Required work
Show all lines from the data that include the word "Blanket".
BEGIN
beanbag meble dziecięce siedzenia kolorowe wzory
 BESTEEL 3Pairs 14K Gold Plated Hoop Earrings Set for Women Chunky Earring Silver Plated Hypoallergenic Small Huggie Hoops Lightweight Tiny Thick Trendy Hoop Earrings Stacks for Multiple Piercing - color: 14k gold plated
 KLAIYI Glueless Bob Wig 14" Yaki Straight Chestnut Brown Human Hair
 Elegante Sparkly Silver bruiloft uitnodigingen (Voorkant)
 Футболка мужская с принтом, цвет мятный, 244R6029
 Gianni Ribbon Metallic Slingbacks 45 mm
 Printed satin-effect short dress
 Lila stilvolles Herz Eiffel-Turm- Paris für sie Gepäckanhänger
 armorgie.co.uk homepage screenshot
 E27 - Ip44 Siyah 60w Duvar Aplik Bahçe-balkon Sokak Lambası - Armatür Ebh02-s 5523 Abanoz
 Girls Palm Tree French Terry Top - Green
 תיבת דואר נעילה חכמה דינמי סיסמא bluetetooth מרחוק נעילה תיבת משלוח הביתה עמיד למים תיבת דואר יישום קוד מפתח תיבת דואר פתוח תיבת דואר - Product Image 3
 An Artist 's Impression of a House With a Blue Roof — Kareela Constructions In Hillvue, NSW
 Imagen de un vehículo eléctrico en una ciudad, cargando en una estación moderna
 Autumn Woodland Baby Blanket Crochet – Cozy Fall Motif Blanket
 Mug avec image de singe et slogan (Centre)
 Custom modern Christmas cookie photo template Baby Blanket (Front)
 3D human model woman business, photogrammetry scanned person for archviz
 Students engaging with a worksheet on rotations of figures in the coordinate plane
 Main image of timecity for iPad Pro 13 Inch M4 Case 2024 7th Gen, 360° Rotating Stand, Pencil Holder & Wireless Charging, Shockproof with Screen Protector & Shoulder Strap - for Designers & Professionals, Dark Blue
END
The answer
 Autumn Woodland Baby Blanket Crochet – Cozy Fall Motif Blanket
 Custom modern Christmas cookie photo template Baby Blanket (Front)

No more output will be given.